PROBLEM TO WORK ON: Print nothing except the line holding "Art Studio Set" and the lines that come after it in the material below, and leave the pictures out.

THE INPUT:
<<<<

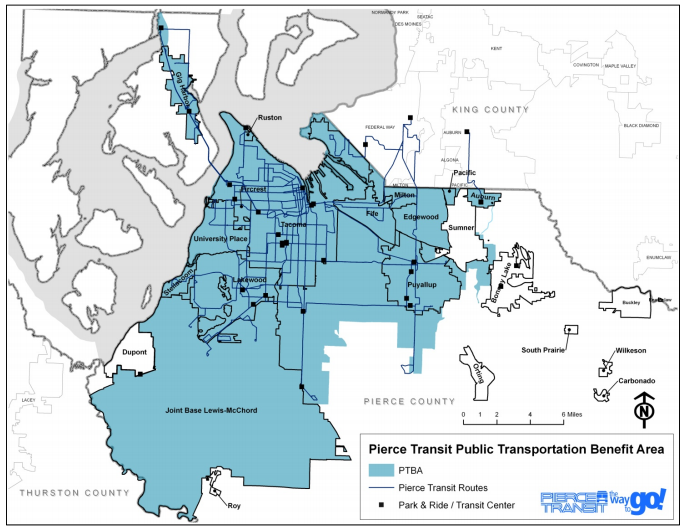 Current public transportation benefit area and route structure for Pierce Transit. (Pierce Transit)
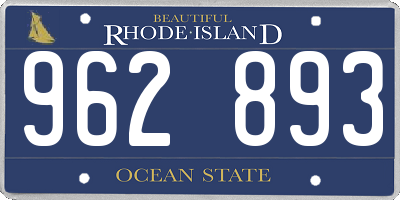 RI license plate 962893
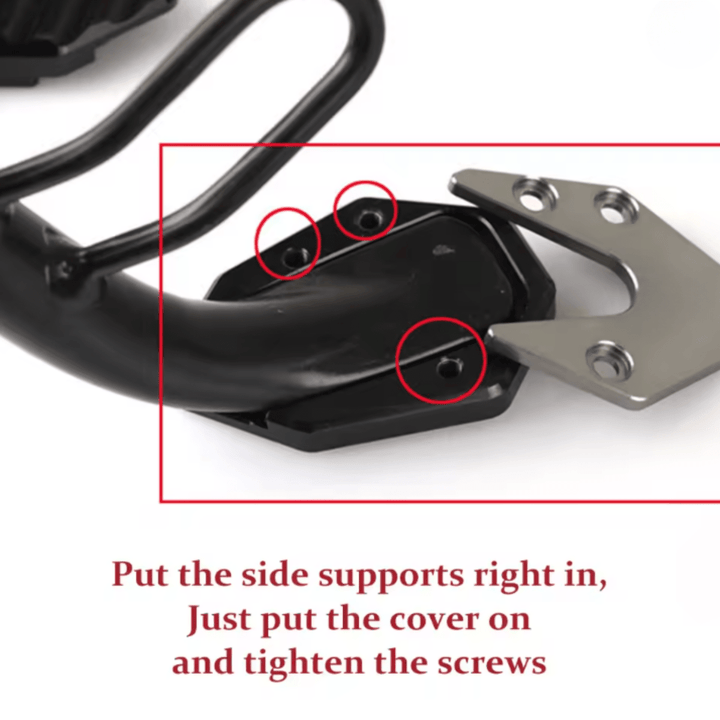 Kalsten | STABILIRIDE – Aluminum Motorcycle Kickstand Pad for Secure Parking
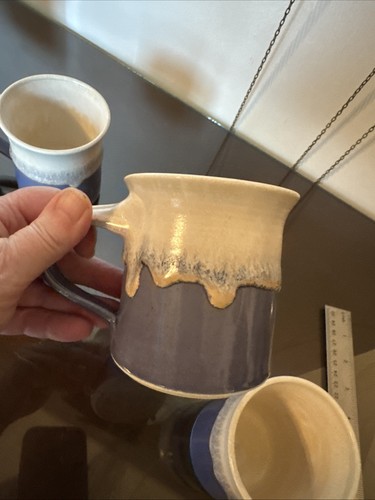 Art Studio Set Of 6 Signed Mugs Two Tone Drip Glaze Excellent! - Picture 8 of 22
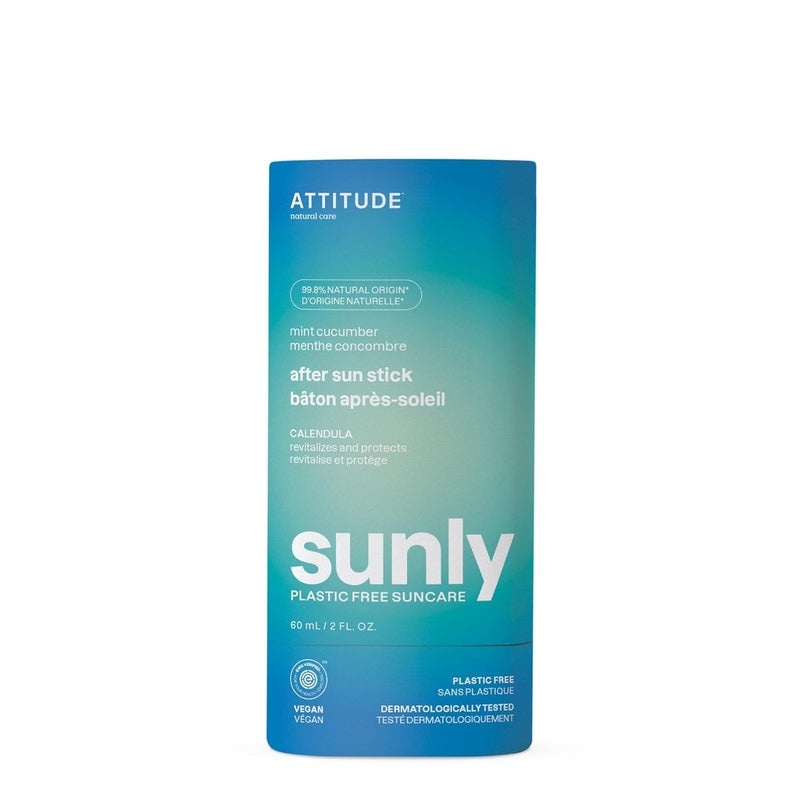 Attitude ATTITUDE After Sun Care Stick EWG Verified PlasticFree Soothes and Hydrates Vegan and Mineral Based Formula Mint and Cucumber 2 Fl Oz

>>>>

EXERCISE RESPONSE:
 Art Studio Set Of 6 Signed Mugs Two Tone Drip Glaze Excellent! - Picture 8 of 22
 Attitude ATTITUDE After Sun Care Stick EWG Verified PlasticFree Soothes and Hydrates Vegan and Mineral Based Formula Mint and Cucumber 2 Fl Oz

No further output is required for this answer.